> **Exercise details**: Below are entries. Give back exactly the lines from the one containing "Antequera Villa |" through the one containing "Плечики IKEA, Книга", inclusive, without the pictures.

> **Source material**:
..........
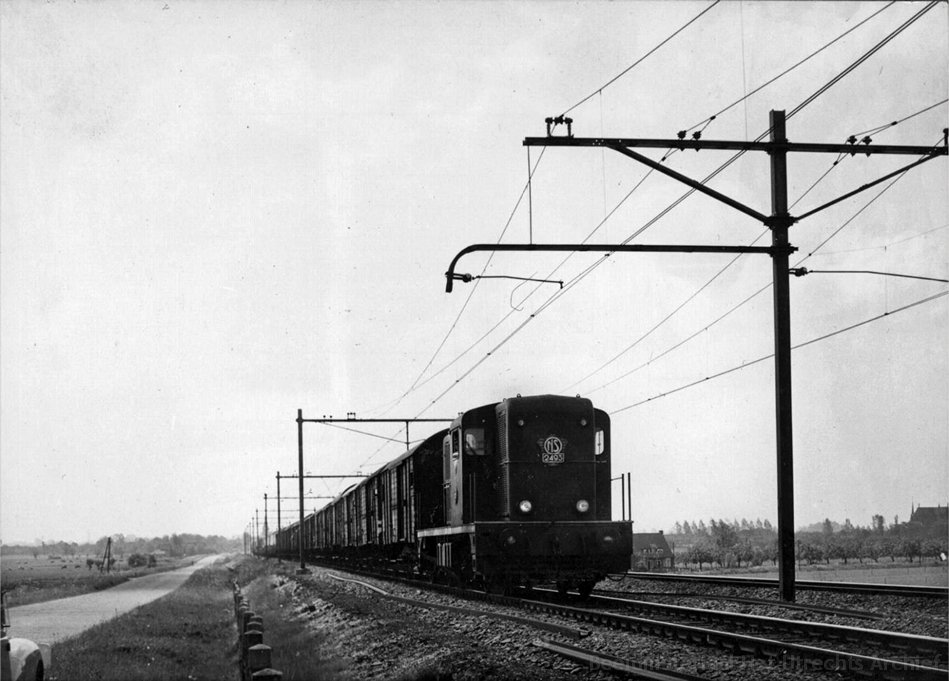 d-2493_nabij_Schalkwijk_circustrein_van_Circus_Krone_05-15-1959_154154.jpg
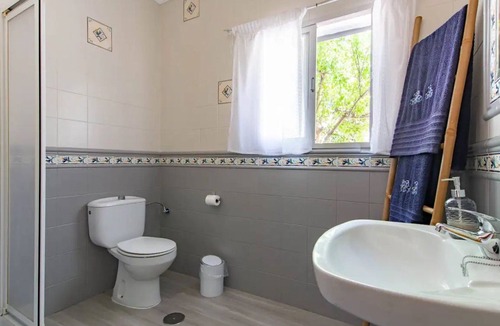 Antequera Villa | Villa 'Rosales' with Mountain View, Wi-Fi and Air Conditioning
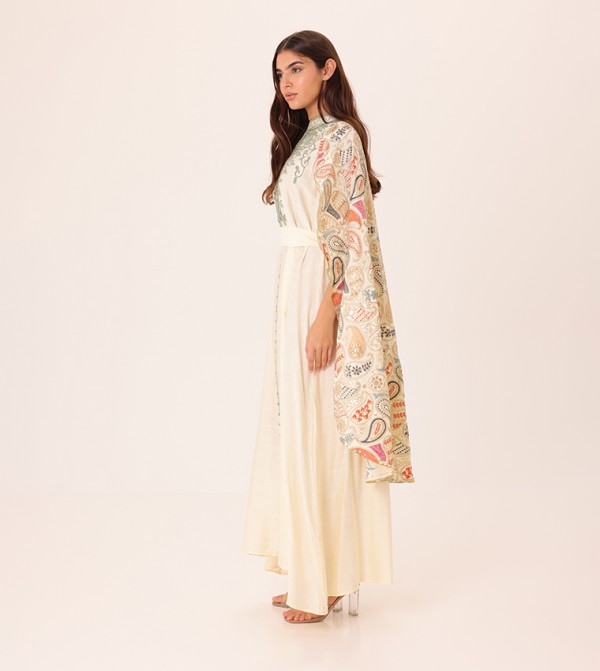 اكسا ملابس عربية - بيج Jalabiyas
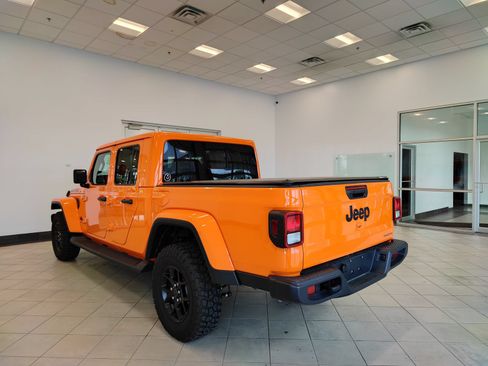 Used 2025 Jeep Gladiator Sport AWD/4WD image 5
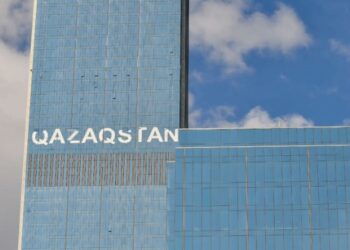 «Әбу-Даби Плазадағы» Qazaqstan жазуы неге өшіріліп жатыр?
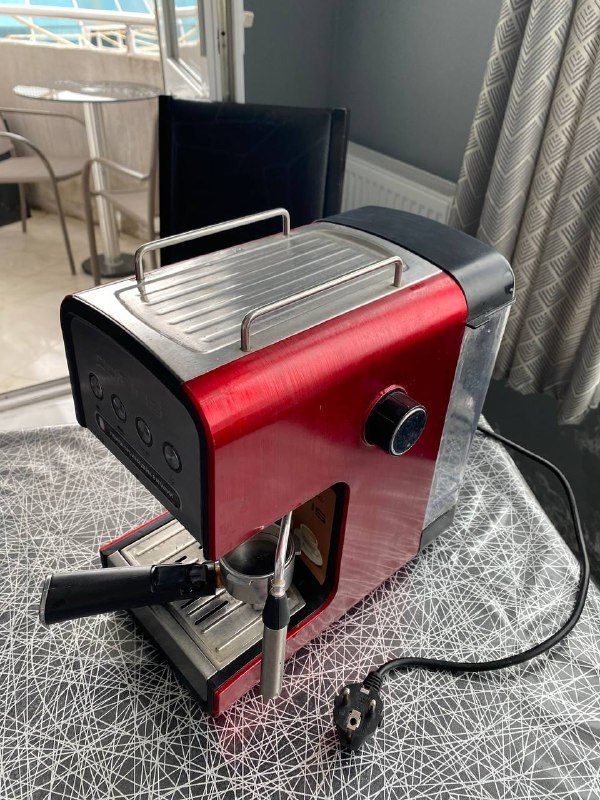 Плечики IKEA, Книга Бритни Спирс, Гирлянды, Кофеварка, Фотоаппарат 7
..........
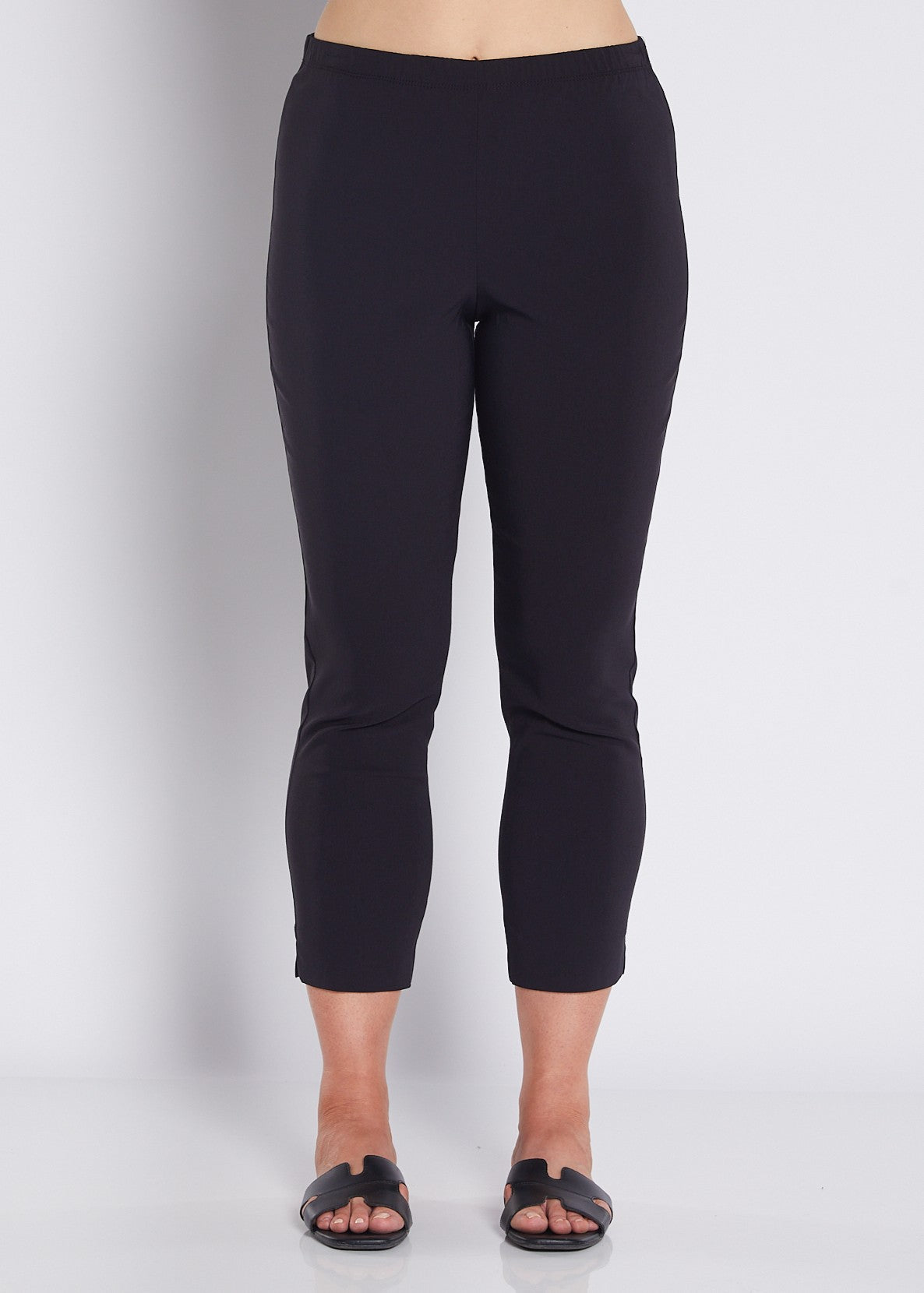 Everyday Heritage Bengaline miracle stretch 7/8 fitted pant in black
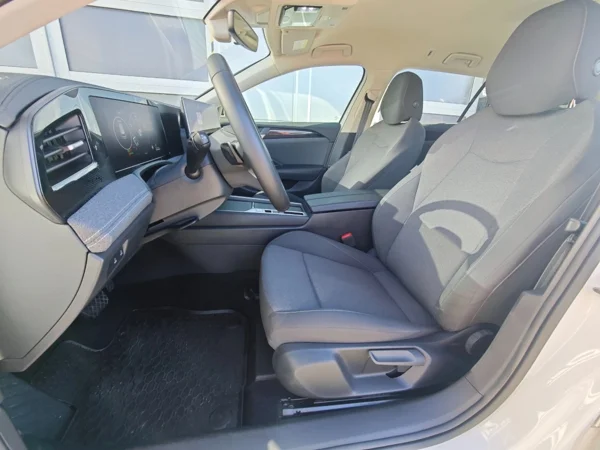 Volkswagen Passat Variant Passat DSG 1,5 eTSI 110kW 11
..........
> **Answer for this exercise**:
 Antequera Villa | Villa 'Rosales' with Mountain View, Wi-Fi and Air Conditioning
 اكسا ملابس عربية - بيج Jalabiyas
 Used 2025 Jeep Gladiator Sport AWD/4WD image 5
 «Әбу-Даби Плазадағы» Qazaqstan жазуы неге өшіріліп жатыр?
 Плечики IKEA, Книга Бритни Спирс, Гирлянды, Кофеварка, Фотоаппарат 7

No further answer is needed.